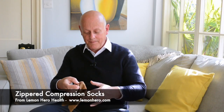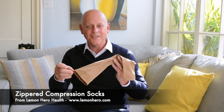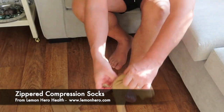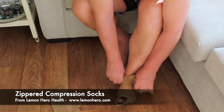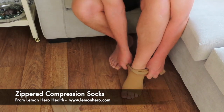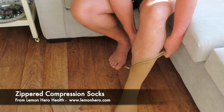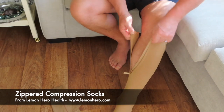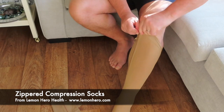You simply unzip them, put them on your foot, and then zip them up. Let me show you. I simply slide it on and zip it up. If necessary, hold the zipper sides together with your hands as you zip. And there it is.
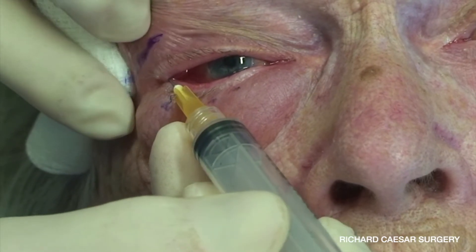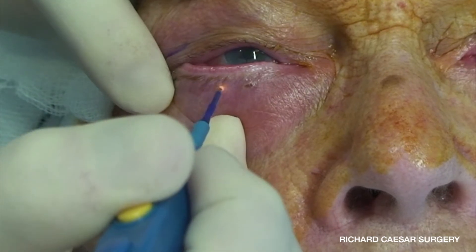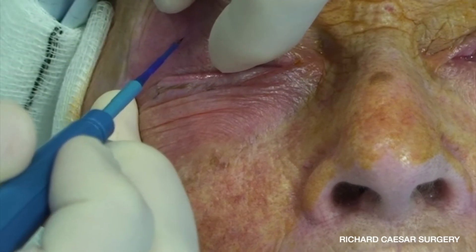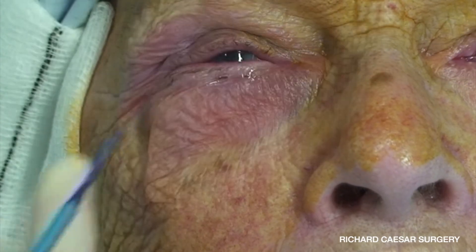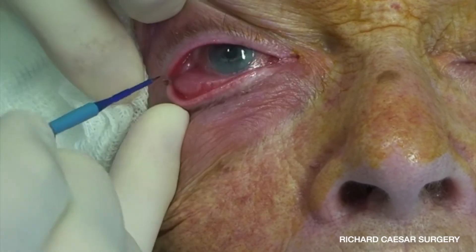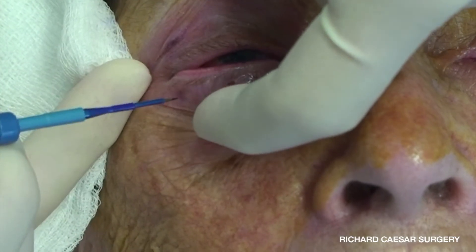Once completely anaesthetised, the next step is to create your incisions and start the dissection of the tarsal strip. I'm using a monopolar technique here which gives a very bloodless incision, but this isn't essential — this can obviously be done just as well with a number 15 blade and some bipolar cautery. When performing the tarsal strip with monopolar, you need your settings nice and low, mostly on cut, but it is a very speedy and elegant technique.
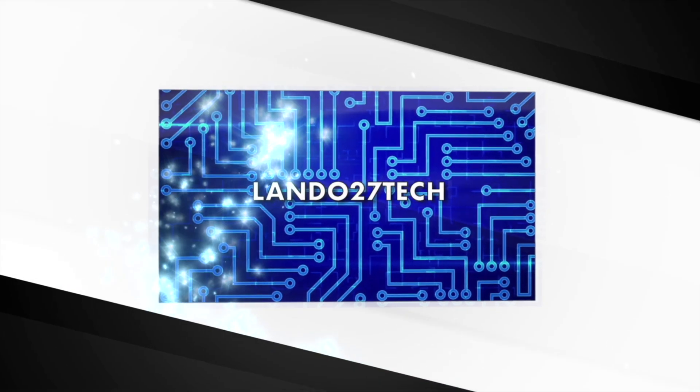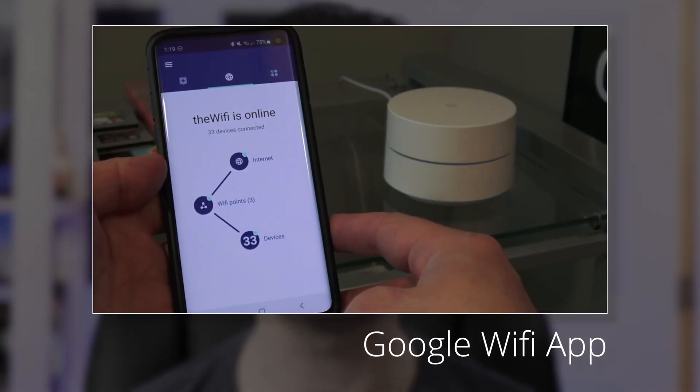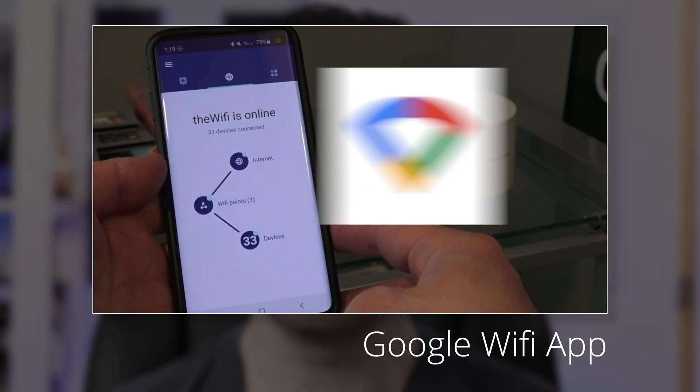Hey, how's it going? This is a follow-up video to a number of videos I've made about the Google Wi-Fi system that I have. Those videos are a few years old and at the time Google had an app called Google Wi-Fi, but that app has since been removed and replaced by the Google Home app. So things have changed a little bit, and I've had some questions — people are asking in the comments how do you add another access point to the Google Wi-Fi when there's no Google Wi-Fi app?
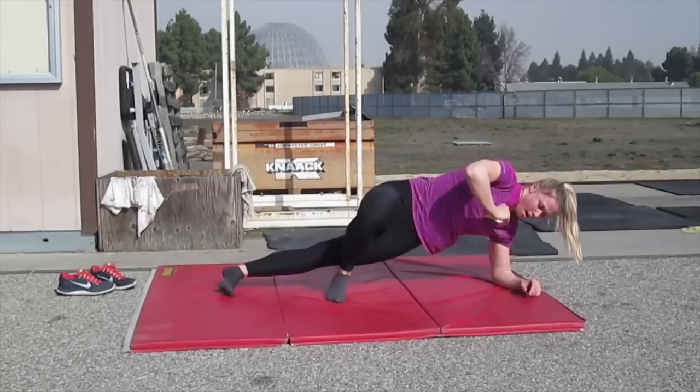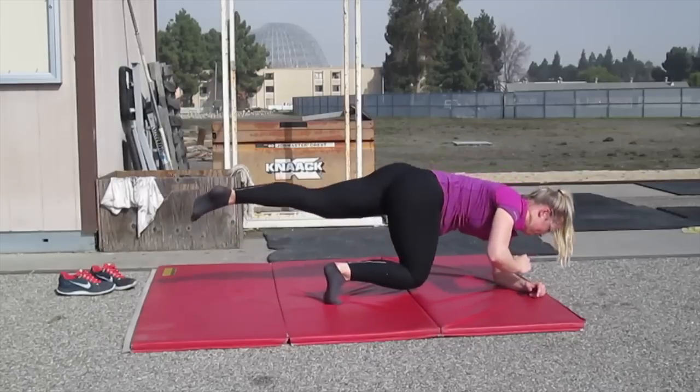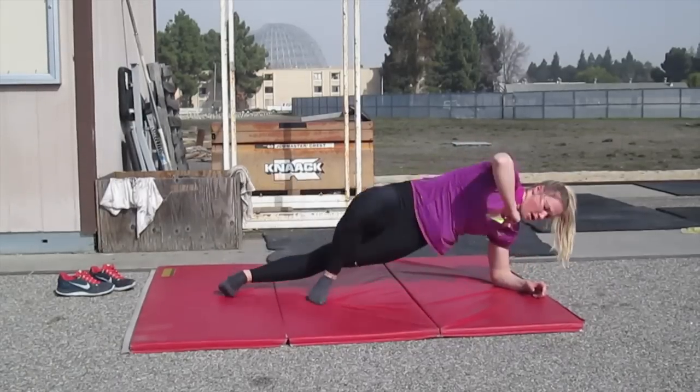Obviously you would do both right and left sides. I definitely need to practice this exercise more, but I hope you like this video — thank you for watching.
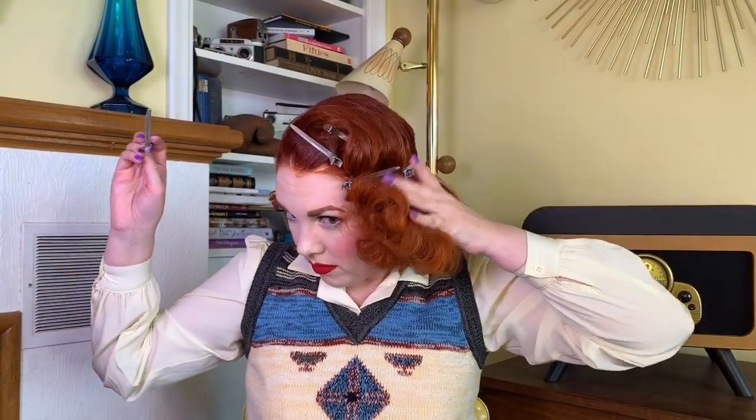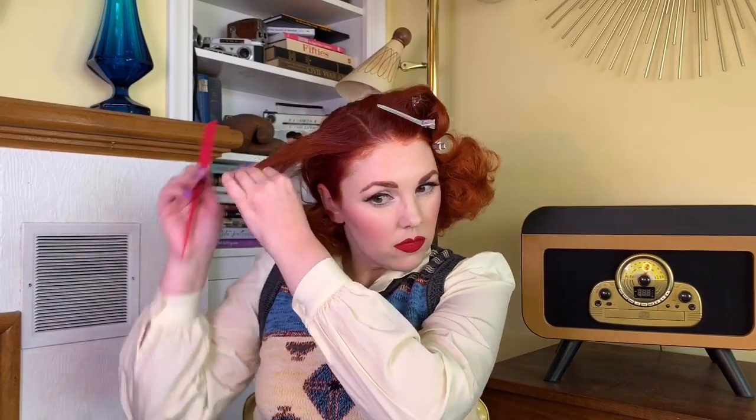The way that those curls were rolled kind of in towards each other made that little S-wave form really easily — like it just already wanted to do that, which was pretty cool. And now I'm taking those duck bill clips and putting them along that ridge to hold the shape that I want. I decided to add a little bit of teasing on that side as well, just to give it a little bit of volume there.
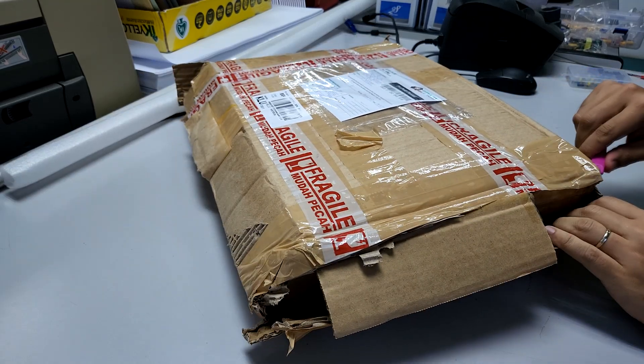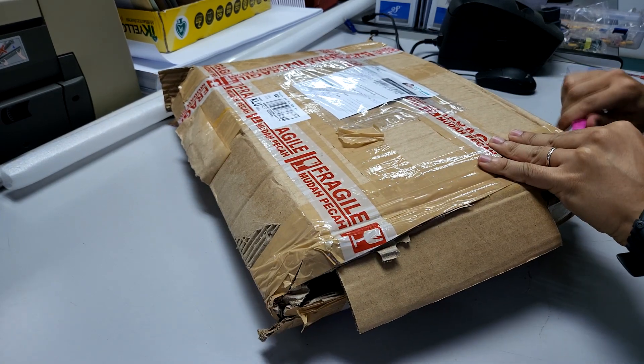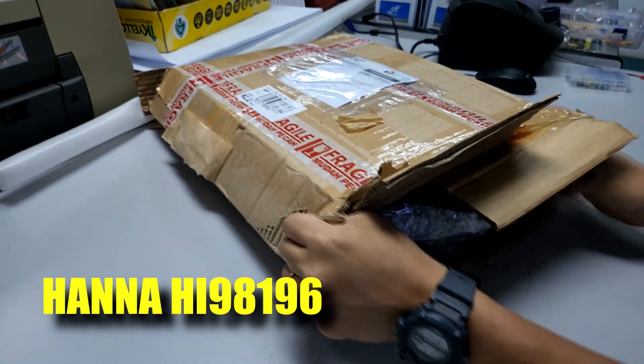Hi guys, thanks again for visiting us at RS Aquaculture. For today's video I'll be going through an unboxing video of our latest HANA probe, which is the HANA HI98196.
•••••
→ Assignment
For this exercise, copy each line of the data above exactly, from the first through the line containing "Hey, how's it", and drop the pictures.

→ The completed task
You simply unzip them, put them on your foot, and then zip them up. Let me show you. I simply slide it on and zip it up. If necessary, hold the zipper sides together with your hands as you zip. And there it is.
Once completely anaesthetised, the next step is to create your incisions and start the dissection of the tarsal strip. I'm using a monopolar technique here which gives a very bloodless incision, but this isn't essential — this can obviously be done just as well with a number 15 blade and some bipolar cautery. When performing the tarsal strip with monopolar, you need your settings nice and low, mostly on cut, but it is a very speedy and elegant technique.
Hey, how's it going? This is a follow-up video to a number of videos I've made about the Google Wi-Fi system that I have. Those videos are a few years old and at the time Google had an app called Google Wi-Fi, but that app has since been removed and replaced by the Google Home app. So things have changed a little bit, and I've had some questions — people are asking in the comments how do you add another access point to the Google Wi-Fi when there's no Google Wi-Fi app?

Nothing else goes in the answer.